**PROVIDED DATA:**
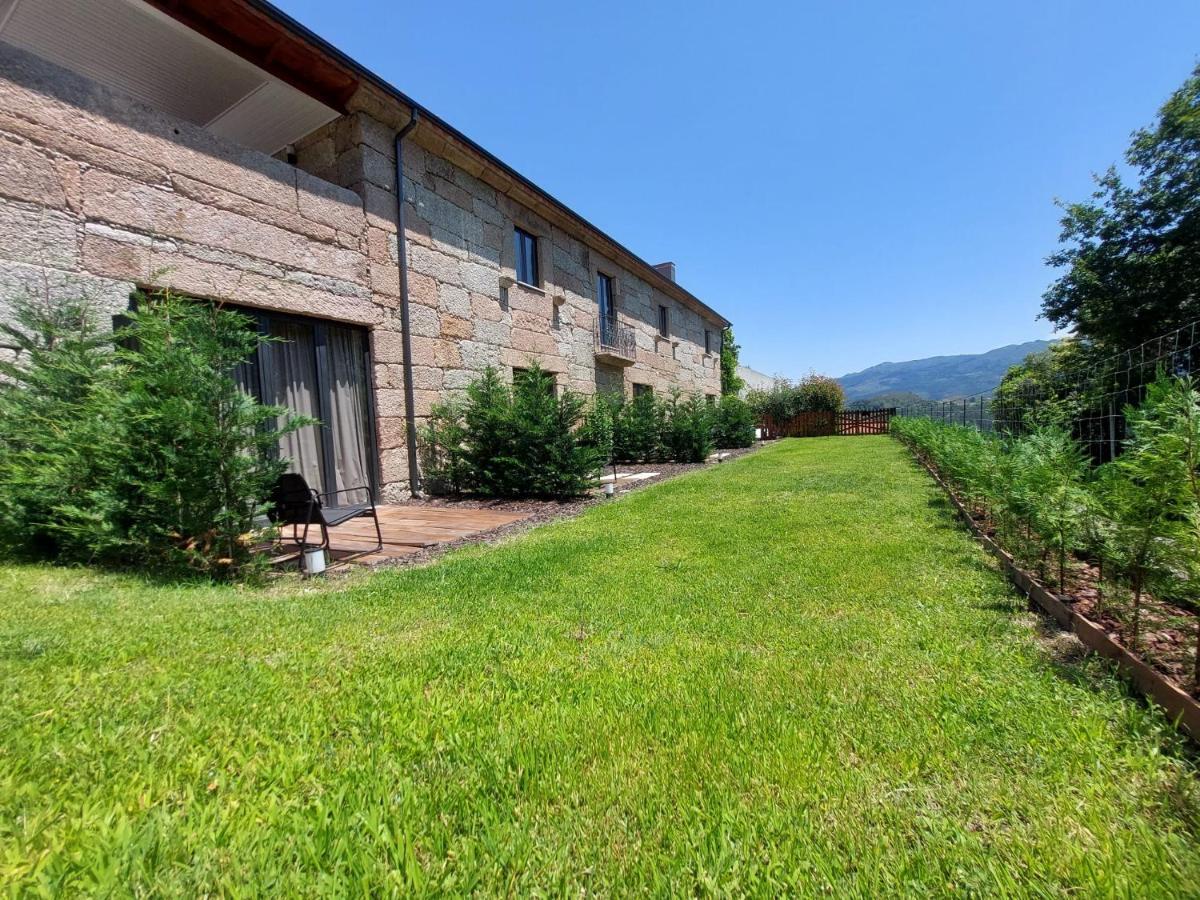 Quinta Da Roda Hotel - Conforto E Tranquilidade No Geres Cela  Exterior photo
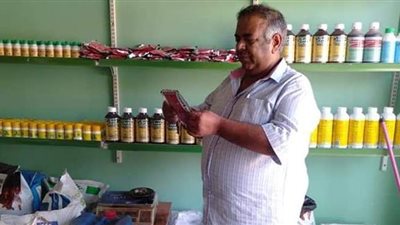 تحرير 19 محضراً تموينيا في حملات بمركزى كوم حمادة وبدر بالبحيرة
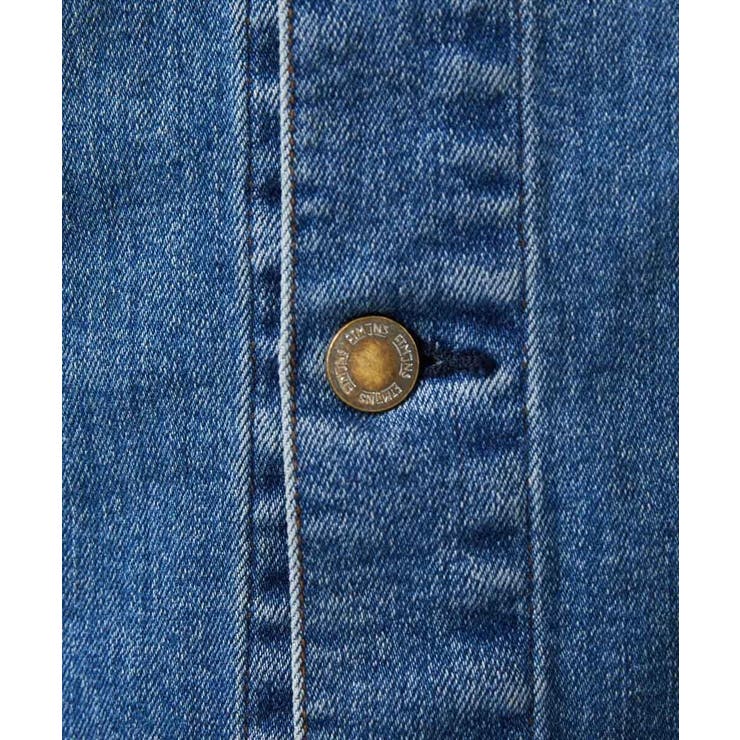 《日本製》20th FACTOTUMコラボ デニムジャケット | MICHEL KLEIN HOMME | 詳細画像10 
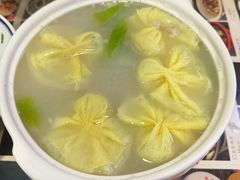 紫阳蒸盆子-耀州第一碗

**PROBLEM REQUIREMENTS:**
Set down the full listing above with its wording unchanged. Leave out its images.

**ANSWER SPACE:**
 Quinta Da Roda Hotel - Conforto E Tranquilidade No Geres Cela  Exterior photo
 تحرير 19 محضراً تموينيا في حملات بمركزى كوم حمادة وبدر بالبحيرة
 《日本製》20th FACTOTUMコラボ デニムジャケット | MICHEL KLEIN HOMME | 詳細画像10 
 紫阳蒸盆子-耀州第一碗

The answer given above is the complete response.